The explosion took place during the Maya Early Classic Period, which extended from 300 to 600 CE, as the civilisation saw growth across central America. But, according to Dr Smith, ‘The explosion would have killed every living thing within 40 km and there would have been no inhabitants for many years or decades in the vicinity.’

The enormous eruption did not, however, have a marked impact on the Maya elsewhere, with the civilisation persisting despite various collapses until the Spanish arrived in the New World.

 

Ilopango was thought to have been responsible for the anomalously cold decade in the Northern Hemisphere around 540 CE. But, the Oxford team’s work shows this date is at odds with archaeological evidence, which actually suggests a date near the start of the Early Classic period.

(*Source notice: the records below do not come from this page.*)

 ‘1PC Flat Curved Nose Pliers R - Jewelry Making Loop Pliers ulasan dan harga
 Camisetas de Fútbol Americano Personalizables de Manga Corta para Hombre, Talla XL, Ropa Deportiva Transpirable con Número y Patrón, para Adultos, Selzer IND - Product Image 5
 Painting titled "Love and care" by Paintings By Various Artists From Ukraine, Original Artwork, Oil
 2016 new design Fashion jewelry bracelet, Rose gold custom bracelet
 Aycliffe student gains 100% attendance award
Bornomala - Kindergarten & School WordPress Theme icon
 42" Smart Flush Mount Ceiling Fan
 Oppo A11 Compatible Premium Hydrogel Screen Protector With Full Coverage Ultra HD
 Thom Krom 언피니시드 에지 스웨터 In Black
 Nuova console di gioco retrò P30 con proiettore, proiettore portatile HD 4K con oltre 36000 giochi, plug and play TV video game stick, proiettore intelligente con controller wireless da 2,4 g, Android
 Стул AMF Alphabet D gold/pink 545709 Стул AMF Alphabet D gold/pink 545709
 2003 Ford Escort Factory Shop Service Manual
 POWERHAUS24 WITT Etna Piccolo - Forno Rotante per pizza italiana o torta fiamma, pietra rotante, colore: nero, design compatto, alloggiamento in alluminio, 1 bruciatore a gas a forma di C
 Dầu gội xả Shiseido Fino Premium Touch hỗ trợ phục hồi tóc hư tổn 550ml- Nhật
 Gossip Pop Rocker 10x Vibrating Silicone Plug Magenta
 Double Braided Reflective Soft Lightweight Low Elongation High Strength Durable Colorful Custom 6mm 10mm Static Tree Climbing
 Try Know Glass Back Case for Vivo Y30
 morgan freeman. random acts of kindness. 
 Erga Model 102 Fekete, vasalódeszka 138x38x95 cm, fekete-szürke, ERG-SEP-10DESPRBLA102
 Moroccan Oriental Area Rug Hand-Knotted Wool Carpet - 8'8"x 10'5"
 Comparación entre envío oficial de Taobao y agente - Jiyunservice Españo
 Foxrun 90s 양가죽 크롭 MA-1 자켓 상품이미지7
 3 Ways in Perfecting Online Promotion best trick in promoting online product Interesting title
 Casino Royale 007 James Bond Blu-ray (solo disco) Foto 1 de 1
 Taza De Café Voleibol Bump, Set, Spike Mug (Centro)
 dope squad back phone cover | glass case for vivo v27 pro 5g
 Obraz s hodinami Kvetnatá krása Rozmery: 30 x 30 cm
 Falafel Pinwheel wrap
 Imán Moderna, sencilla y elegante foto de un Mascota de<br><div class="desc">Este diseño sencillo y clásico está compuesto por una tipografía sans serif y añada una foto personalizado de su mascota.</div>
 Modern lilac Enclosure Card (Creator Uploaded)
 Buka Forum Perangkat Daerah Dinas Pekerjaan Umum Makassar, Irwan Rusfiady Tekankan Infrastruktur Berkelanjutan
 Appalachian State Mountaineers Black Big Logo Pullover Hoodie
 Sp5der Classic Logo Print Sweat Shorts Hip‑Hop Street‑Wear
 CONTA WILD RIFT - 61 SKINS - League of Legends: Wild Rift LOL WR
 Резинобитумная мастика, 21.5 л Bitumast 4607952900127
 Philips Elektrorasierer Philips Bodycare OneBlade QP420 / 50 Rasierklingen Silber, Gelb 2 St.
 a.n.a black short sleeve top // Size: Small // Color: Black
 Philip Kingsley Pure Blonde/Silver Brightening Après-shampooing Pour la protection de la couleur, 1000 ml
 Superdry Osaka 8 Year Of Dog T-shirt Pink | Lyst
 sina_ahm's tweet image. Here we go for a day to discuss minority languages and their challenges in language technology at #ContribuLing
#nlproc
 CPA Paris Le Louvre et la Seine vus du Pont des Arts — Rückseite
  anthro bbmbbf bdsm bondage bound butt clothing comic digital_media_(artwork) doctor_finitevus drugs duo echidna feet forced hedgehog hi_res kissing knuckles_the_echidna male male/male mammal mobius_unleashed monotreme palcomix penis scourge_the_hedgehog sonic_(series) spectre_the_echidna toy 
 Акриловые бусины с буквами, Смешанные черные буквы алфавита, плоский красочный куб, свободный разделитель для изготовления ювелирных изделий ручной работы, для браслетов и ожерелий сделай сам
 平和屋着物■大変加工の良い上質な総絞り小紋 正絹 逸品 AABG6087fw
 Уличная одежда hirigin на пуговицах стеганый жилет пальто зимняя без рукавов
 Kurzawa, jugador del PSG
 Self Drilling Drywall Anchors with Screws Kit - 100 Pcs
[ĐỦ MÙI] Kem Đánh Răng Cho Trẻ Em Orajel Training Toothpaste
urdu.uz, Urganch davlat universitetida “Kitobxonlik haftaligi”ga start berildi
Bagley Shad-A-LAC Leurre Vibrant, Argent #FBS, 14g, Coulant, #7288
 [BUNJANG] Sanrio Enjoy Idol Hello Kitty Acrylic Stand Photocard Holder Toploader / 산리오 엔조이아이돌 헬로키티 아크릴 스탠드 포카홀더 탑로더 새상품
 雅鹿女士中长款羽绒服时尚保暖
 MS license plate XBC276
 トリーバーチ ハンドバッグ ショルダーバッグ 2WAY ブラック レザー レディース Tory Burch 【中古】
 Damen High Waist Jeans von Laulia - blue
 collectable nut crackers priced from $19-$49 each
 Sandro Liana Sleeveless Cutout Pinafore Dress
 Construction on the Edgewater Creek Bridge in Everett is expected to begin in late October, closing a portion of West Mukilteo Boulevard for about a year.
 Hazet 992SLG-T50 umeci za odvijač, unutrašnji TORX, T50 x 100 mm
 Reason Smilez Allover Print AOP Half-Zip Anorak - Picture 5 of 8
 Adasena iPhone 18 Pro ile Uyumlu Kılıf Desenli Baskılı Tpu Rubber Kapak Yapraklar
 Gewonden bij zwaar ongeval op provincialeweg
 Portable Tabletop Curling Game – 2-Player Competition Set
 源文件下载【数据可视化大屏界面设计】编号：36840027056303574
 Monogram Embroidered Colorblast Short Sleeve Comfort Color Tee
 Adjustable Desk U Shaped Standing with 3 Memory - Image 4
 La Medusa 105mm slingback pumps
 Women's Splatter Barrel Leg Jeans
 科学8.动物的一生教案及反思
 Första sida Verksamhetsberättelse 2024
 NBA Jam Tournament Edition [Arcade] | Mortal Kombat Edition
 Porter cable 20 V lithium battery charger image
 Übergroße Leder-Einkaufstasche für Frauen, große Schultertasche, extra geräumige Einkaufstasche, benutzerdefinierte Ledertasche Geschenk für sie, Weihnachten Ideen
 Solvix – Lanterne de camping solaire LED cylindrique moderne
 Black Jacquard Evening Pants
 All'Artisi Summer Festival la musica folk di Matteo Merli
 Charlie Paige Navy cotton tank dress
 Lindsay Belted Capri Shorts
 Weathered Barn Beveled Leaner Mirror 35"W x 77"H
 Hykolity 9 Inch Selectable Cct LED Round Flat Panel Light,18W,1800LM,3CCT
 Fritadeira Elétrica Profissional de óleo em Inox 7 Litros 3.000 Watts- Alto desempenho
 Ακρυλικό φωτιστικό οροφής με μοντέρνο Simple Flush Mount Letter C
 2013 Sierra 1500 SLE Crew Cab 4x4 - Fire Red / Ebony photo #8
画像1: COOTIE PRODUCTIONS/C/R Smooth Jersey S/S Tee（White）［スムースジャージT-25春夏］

According to the study, ‘Our precise dating of 431 ± 2 CE allows us to pinpoint the eruption in climate proxy records and shows that its impact was apparently limited. It appears to have only had major effects on populations within 80 km of the volcano, where the regions were blanketed by decimetres of ash fallout and pyroclastic density currents.’

 

Others in the research team:

Dr Antonio Costa, Istituto Nazionale di Geofisica e Vulcanologia, Sezione di Bologna, Italy

Professor Gerardo Aguirre-Díaz, Univerdidad Nacional Autonoma de Mexico, Mexico

Dr Gill Plunkett, Queen’s University Belfast, UK.

and Dario Pedrazzi, Andrea Scifo, Mattieu Poret, Pierre-Yves Tournigand, Dan Miles, Michael Dee, Joseph McConnell, Ivan Sunyé-Puchol, Pablo Dávila Harrisichael Sigl, Jonathan Pilcher, Nathan Chellman, Eduardo Gutiérrez.


Tephrochronology is a field that involves using volcanic ash (tephra) layers to date sequences such as archaeological records and long marine or lake cores (records of past climate). Large volcanic eruptions inject large volumes of quenched molten rock into the atmosphere, and disperse particals of volcanic glass and minerals hundreds to thousands of kilometres from the volcano. These deposits form marker layers in ice cores and sedimentary sequences, which can be used to correlate and synchronise records. Furthermore, the eruptions can be dated using radiocarbon (0 to 50,000 years) and Ar/Ar (anything outside radiocarbon timeframe) methods and these dates can constrain the chronology of the sequences in which the tephra are found. 

In order to use tephra for chronology and date palaeoenvironmental and archaeological records we need: well developed eruption stratigraphies, knowledge of the size of the eruptions, and some chronological constraints. A lot of this information does not exist or is particularly patchy for some regions and thus, we have been building up tephrostratigraphies for various regions and establishing the dispersal of some of the largest eruptions that happened in the past. These detailed tephrostratigraphies and knowledge of past eruptions is particularly important to ensure correlations between records are accurate, which is crucial to studies that use the chronology such as archaeology and investigations into past environmental and climate changes. Information on the magnitude and frequency of large volcanic eruptions is also critical for hazard and risk assessments for cities and regions in which the volcanoes are located. 

This recent paper highlights an aspect of the research we do within the Tephrochronology Research Group in the School of Archaeology. It demonstrates that the research that we do is interdisciplinary, and this paper alone involves volcanologists, archaeologists, radiocarbon specialists, dendrochronologists and climate scientists. Our group is currently working on the eruptions of volcanoes in the Bay of Naples (Vesuvius and Campi Flegrei), extracting a long-term history of Japanese volcanism using the Lake Suigetsu sediment record (Sophie Vineberg, NERC DTP DPhil student), the eruptive history of the volcanoes surrounding Mexico City (Dr Ivan Sunye Puchol, postdoctoral researcher on the NERC funded MexiDrill project), and planning work on the Canary Islands as the tephra layers are found in archaeological sites in North Africa (Dr Danielle McLean, Leverhulme Early Career Fellow starting in May 2021).